Do-not-store is not achieved by telling the model “don’t remember this.” It is achieved by engineering controls:
- Data classification at ingestion
- Retention policies with enforced TTL and deletion
- Audit logs proving what was stored (and what was blocked)
- Vendor and platform settings aligned to your policy

Reference Architecture: A Practical Memory Stack

Most production agents converge on a layered approach: short-term context for continuity, long-term stores for recall, shared corpora for organizational truth, and a do-not-store boundary for privacy and risk.
Here is a reference pattern that maps cleanly to real systems.

The “four-lane” memory pipeline

Lane 1: Short-term working context
- Session message window + task state
- Tool outputs cached for the current run
Lane 2: Long-term personal memory
- User preferences and stable facts (with explicit user control)
- Summaries of completed tasks and outcomes
Lane 3: Shared organizational memory
- Policies, playbooks, product knowledge, incident retros
- Permissioned by tenant/team/role
Lane 4: Do-not-store zone
- Secrets and sensitive data used only transiently
- Redacted from logs, analytics, and long-term stores

Scoring what to store (a simple decision rubric)

Before persisting anything, score it on four dimensions:
- User intent: did the user explicitly want this remembered?
- Stability: will this remain true next week?
- Utility: will remembering this reduce user effort or improve accuracy?
- Risk: would storing this increase harm if leaked or misused?
A practical rule:
- High intent + high stability + high utility + low risk → candidate for long-term memory
- Low intent or low stability → keep it short-term or summarize minimally
- High risk → do-not-store (and consider asking for an alternative workflow)

Evaluation metrics that matter (beyond “it feels smarter”)

Recall precision: when the agent retrieves memory, how often is it actually relevant?
Recall safety: does retrieval ever surface restricted or cross-tenant information?
Staleness rate: how often does recalled memory conflict with the system of record?
User correction rate: how often do users say “that’s not true” or “I changed that”?
Latency overhead: how much time does memory retrieval add to the loop?
Cost per resolved task: does memory reduce total tokens and tool calls?
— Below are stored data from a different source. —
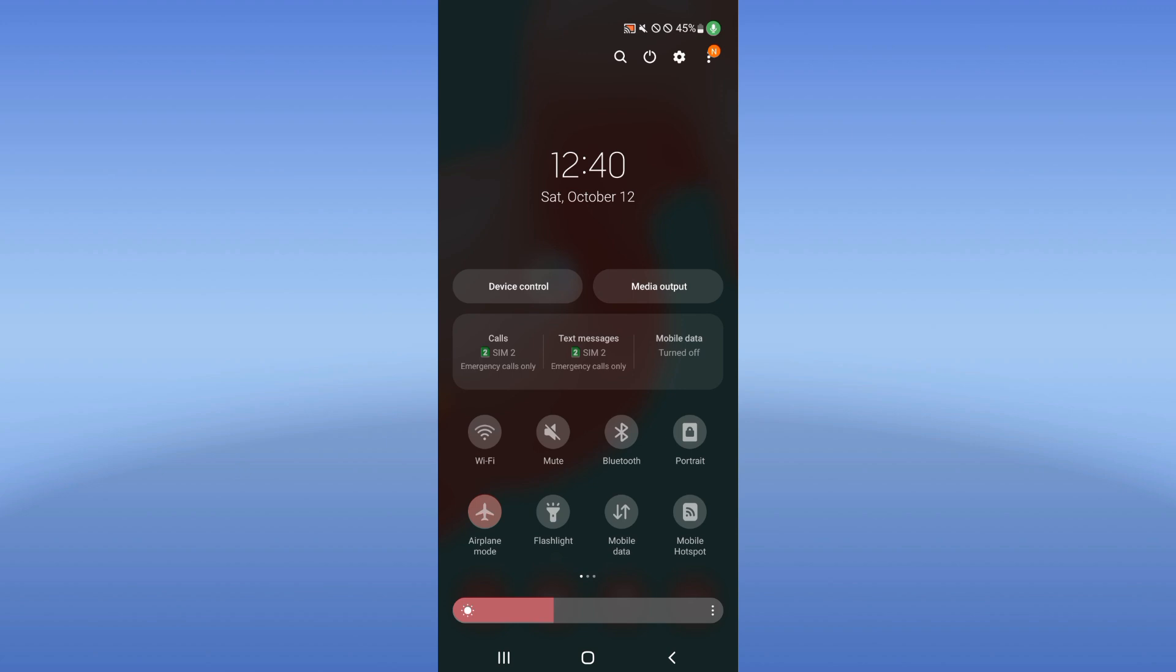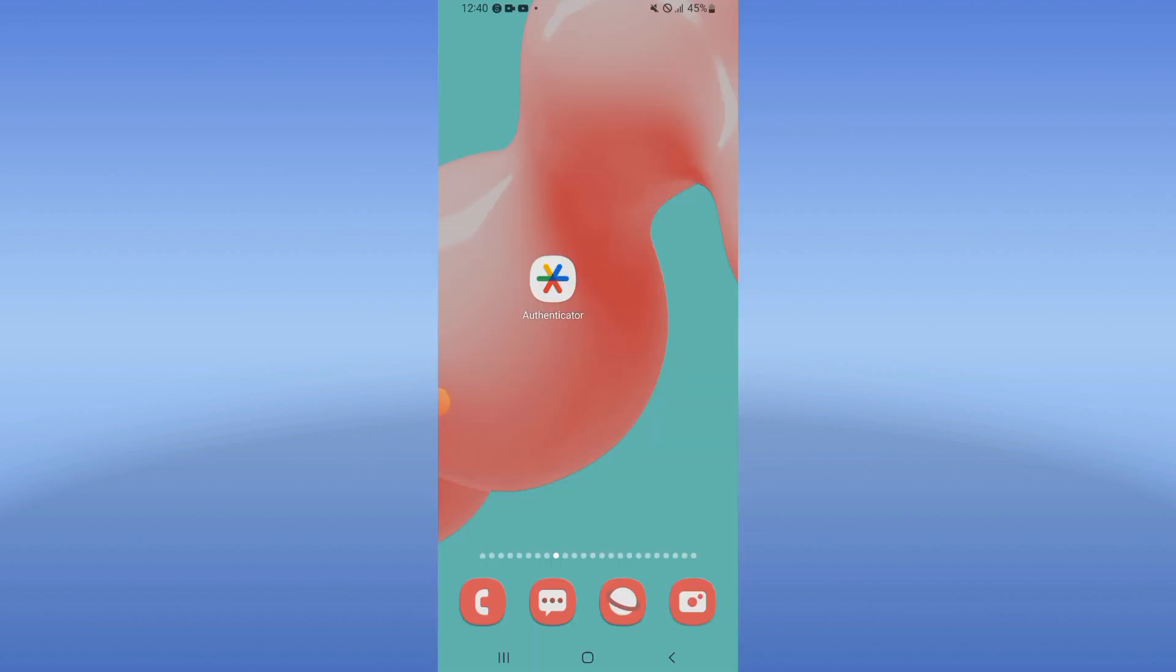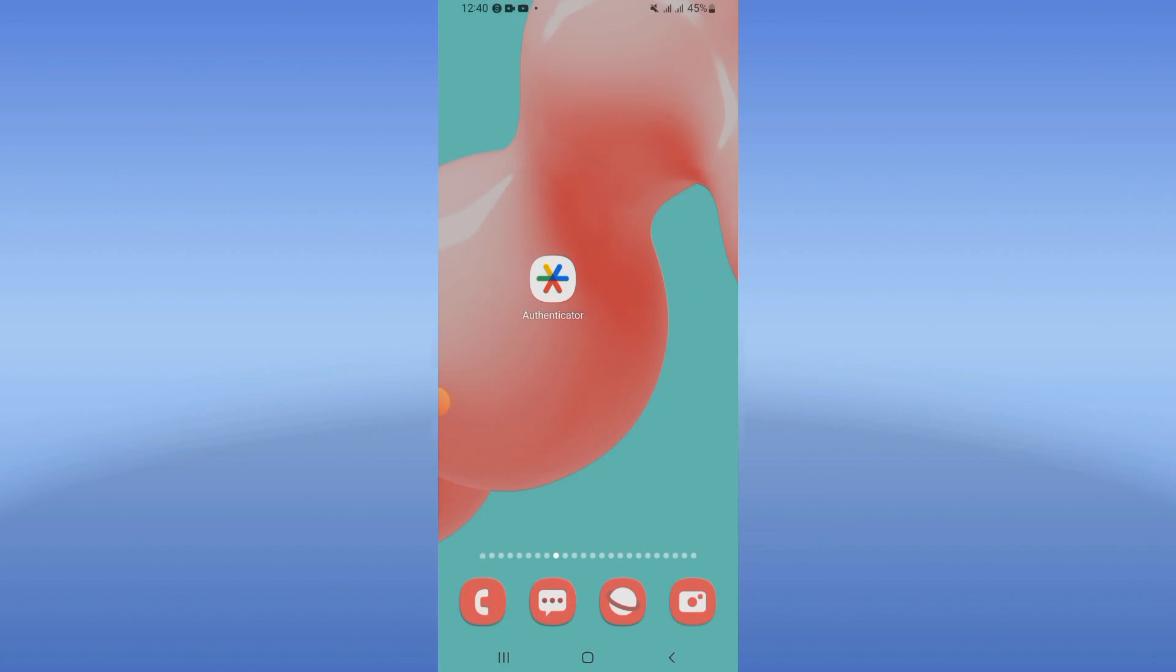When you finish, restart your device and that's it. Don't forget to like and subscribe.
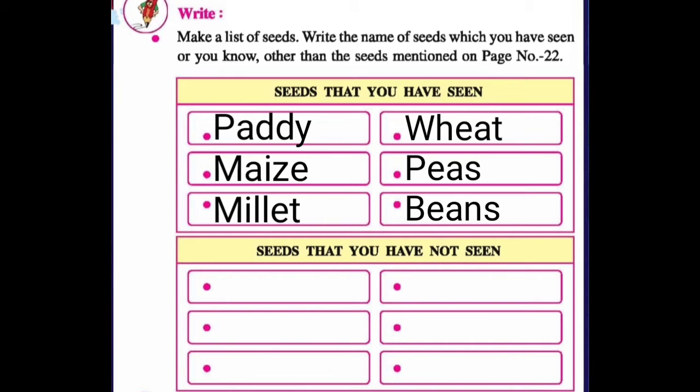Barley, lentils — I have seen so many. But here I am writing just a few. So like this, you also have to write the seeds which you have seen.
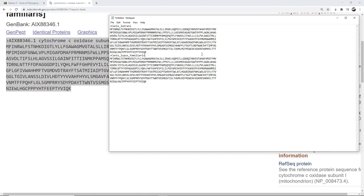So that is GenBank — that's how you would go in and find information. You have to know some information going into it, but in the end this is how you would extract that information, download it, and get it ready for analysis. In this case we're going to be looking at some analysis of different canids — I'm going to add a wolf and probably a few other things. The next few videos for the lab will show how to use ClustalW.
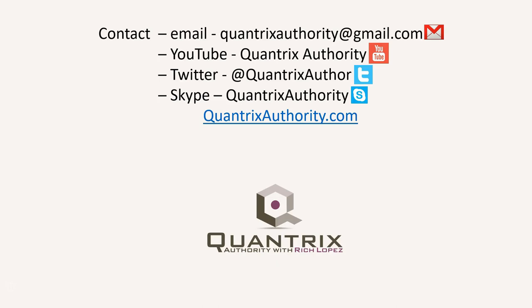Today's podcast is brought to you by quantrixauthority.com. I love Quantrix and I want to make you a Quantrix master.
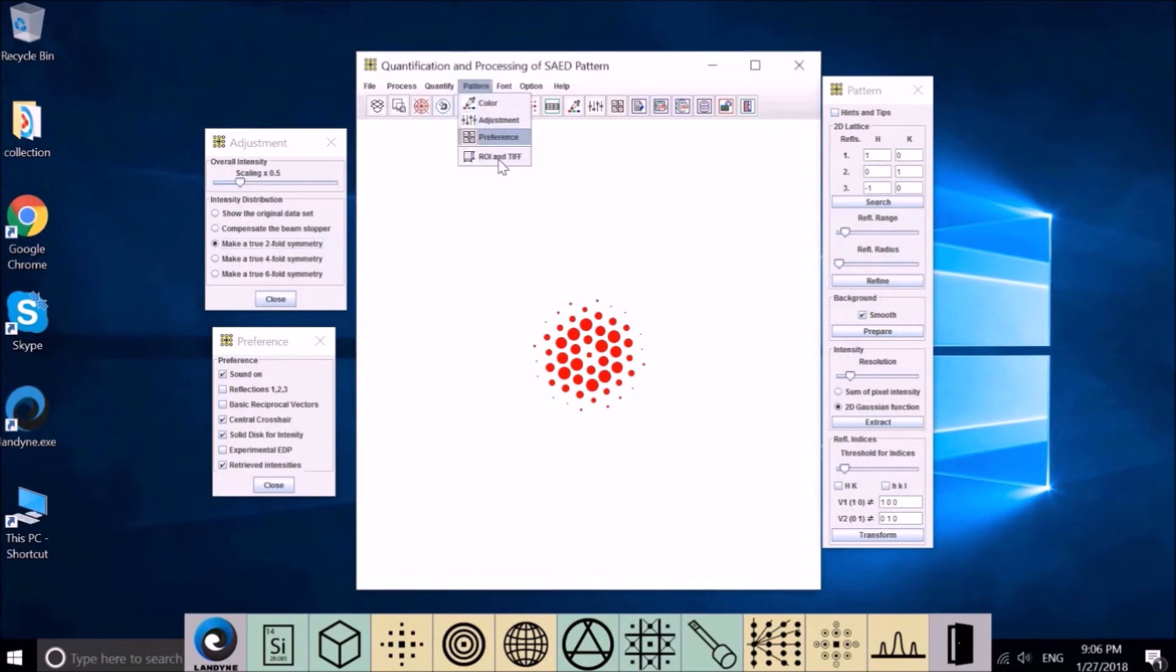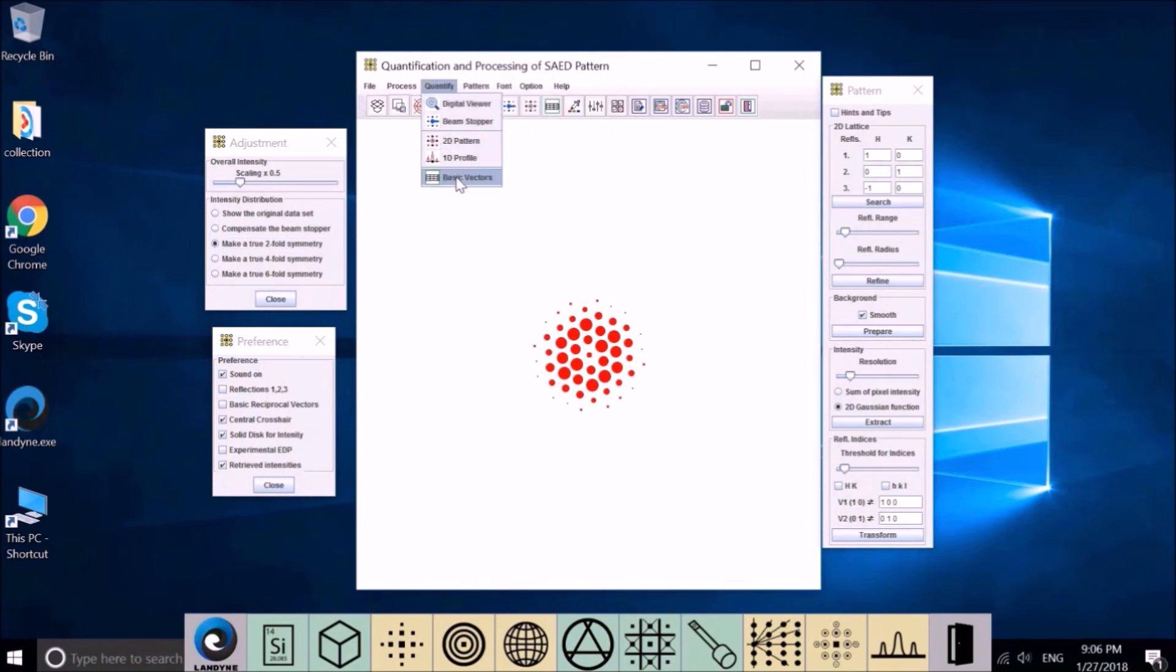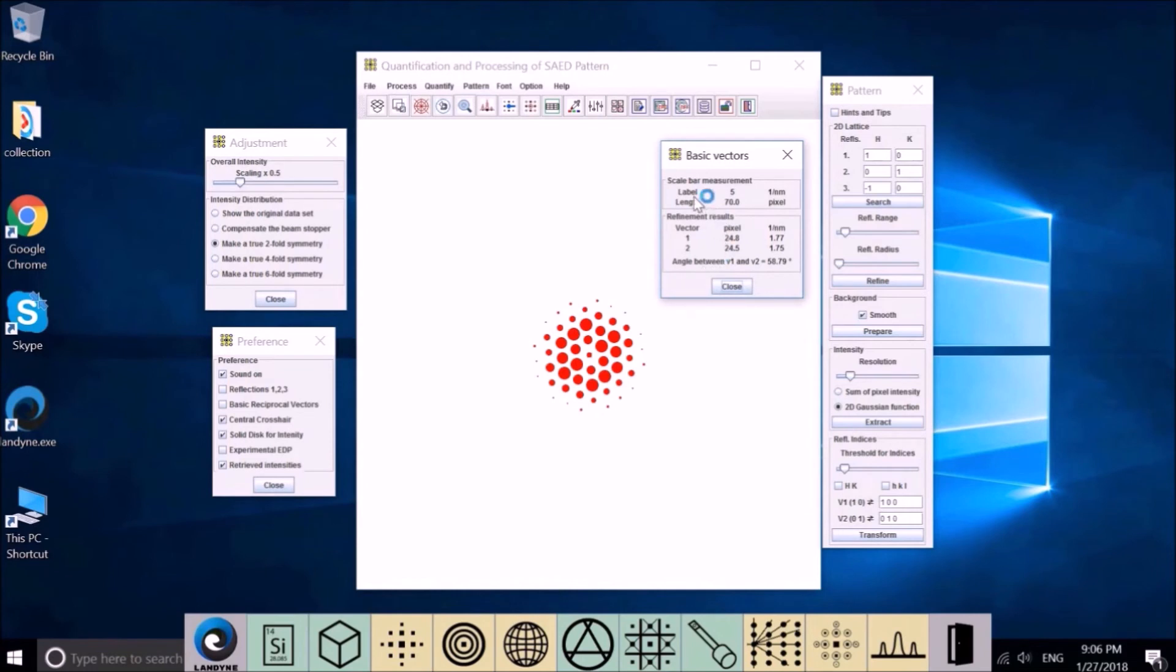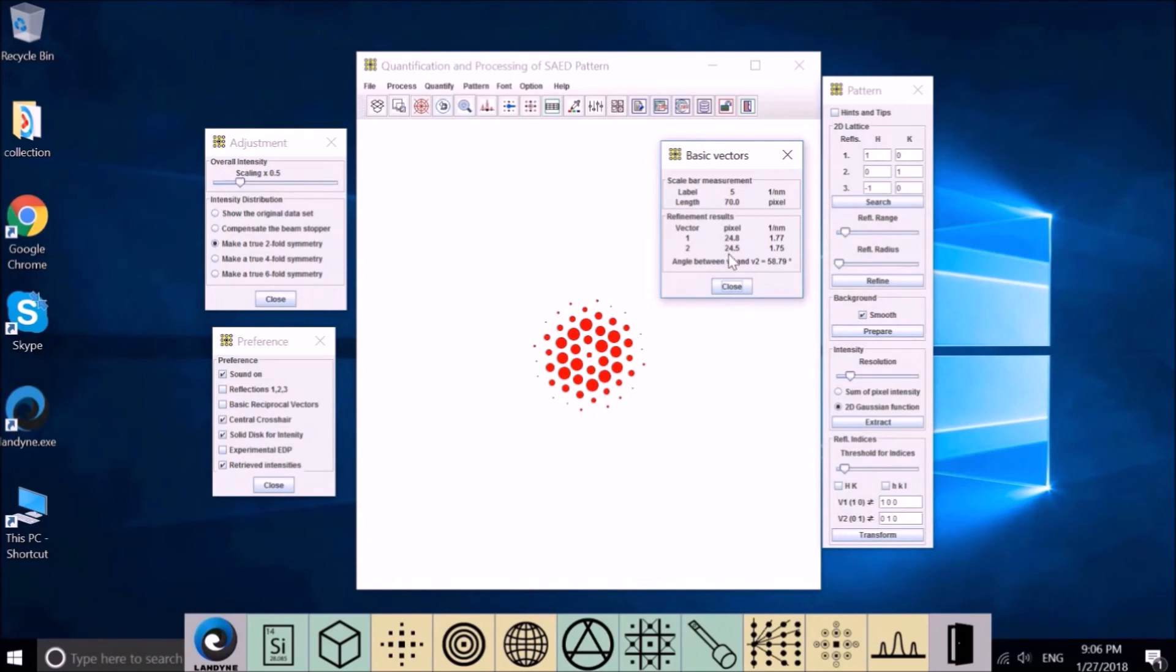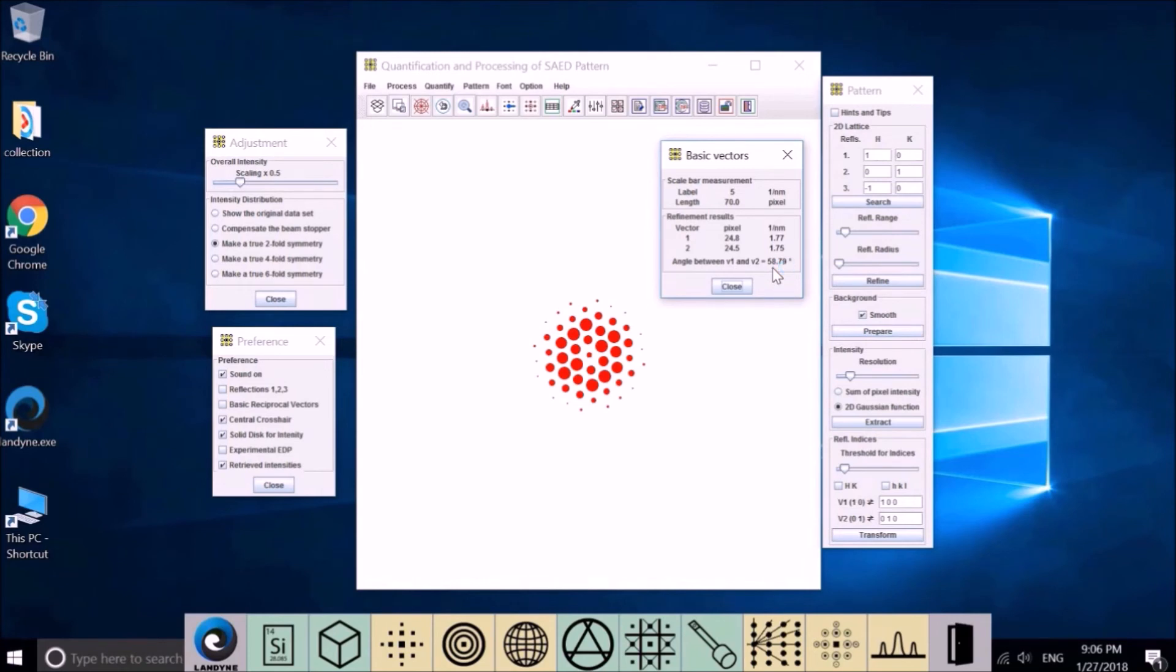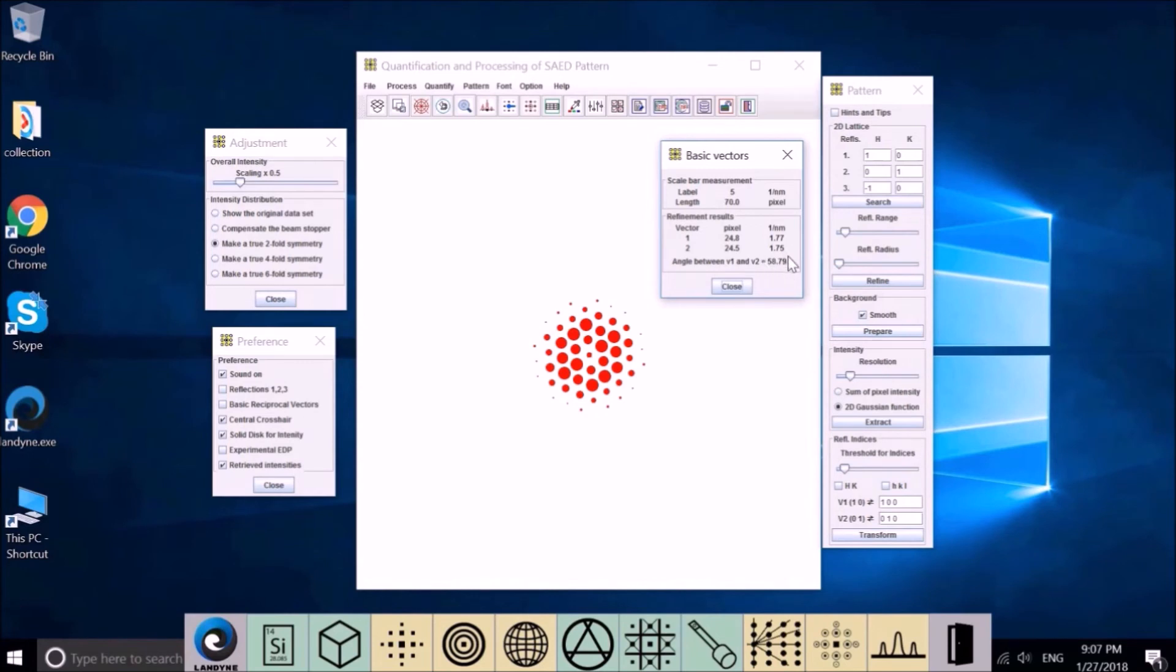We get the intensity distribution. At the same time we get the basic diffraction vectors. We have the scale bar labeled as 5, 1 over nanometer. It measured 70.0 pixels. The basic vector 1 is 24.8 pixels. Vector 2 is 24.5. And this is converted to 1 over nanometers. See these two factors are slightly different.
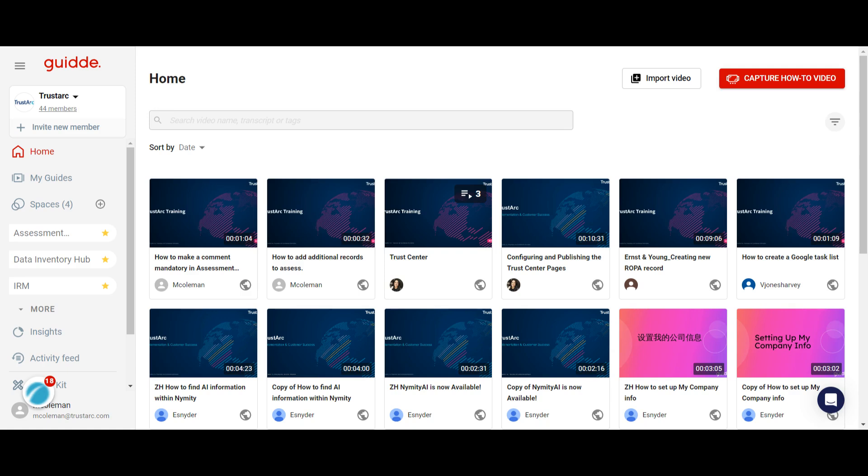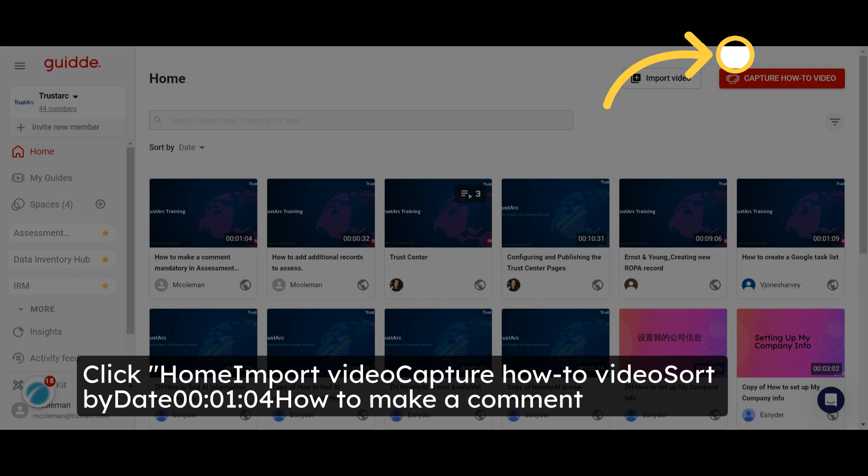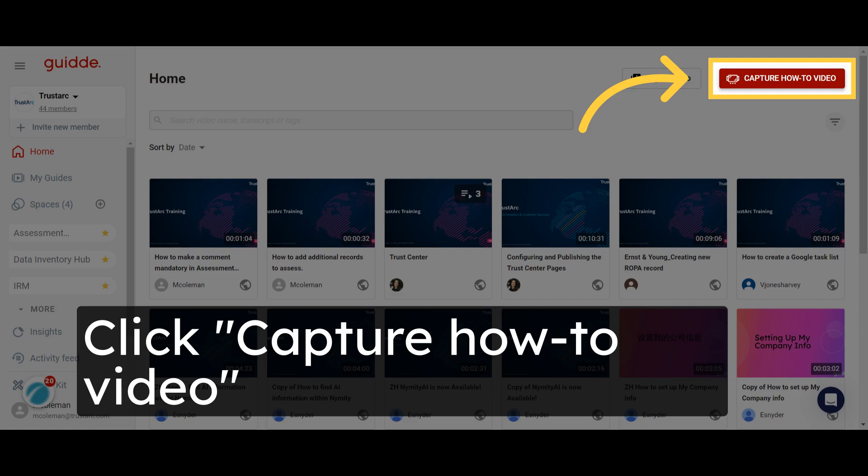Navigate to AppGuide.com. Select Home Import Video Capture How to Video Sort by Date. Click on Capture How to Video.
Implementation tips that prevent 80% of memory problems

Separate stores by purpose: don’t mix preferences, facts, and transcripts in one bucket.
Always store with metadata: owner, scope, timestamp, source, confidence, TTL.
Retrieve less than you think: top-3 to top-10 items is often enough; quality beats quantity.
Prefer structured truth for critical facts: if it belongs in a database record, store it as a database record, not a paragraph embedding.
Make memory editable: users need a way to view, correct, and delete remembered items.
Design for compliance: assume retention requirements can change; keep deletion and audit capabilities first-class.

Final Thoughts

The most important takeaway is simple: agent memory is a governance problem disguised as a technical feature. Short-term memory keeps an agent coherent in the moment, but it cannot scale to real work without long-term retrieval. Long-term memory makes agents feel durable and personalized, but it introduces staleness, hallucinated persistence, and privacy risk unless you treat memory as curated, versioned knowledge with TTLs and provenance. Shared memory unlocks organizational leverage—repeatable workflows, consistent policy adherence, and smoother handoffs—but demands strict access control to prevent cross-user leakage.

Finally, “do-not-store” is the boundary that protects trust. It is where you explicitly choose not to turn sensitive data into a permanent artifact. In Innovation and Technology Management terms, this is a classic case of aligning system capability with stakeholder risk: the best-designed agent isn’t the one that remembers everything, but the one that remembers the right things, for the right reasons, under rules that users and regulators can accept.